:: About this task ::
Filter the entries for lines with the word "Cotton".
══ Records for the exercise
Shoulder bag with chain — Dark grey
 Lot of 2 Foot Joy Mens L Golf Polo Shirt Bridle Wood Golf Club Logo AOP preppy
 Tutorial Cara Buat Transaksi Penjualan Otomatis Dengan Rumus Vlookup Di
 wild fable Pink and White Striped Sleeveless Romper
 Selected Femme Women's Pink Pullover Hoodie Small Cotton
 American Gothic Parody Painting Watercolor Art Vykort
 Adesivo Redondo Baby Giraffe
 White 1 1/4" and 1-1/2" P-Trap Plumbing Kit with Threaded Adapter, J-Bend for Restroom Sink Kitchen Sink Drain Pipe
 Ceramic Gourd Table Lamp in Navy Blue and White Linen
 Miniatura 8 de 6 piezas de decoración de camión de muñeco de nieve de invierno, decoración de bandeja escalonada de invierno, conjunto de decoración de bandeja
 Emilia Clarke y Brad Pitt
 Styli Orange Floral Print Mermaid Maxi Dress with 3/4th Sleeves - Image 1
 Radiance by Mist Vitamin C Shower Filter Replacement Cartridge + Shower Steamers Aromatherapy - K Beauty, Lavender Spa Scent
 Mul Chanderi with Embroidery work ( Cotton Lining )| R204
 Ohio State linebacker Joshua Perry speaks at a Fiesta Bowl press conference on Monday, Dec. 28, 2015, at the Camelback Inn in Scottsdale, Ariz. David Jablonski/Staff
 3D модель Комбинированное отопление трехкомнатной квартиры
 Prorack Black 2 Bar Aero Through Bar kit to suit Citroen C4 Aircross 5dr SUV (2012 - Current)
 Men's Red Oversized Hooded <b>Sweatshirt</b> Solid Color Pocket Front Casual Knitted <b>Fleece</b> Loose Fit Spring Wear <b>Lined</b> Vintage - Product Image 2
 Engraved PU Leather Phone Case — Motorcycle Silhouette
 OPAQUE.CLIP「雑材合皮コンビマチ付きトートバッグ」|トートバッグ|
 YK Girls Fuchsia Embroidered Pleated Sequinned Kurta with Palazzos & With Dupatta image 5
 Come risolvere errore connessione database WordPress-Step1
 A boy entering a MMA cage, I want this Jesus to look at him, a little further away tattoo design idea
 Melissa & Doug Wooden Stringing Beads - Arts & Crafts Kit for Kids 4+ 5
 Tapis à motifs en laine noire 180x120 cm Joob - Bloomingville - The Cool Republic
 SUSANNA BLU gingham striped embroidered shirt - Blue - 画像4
════
:: Reply ::
 Selected Femme Women's Pink Pullover Hoodie Small Cotton
 Mul Chanderi with Embroidery work ( Cotton Lining )| R204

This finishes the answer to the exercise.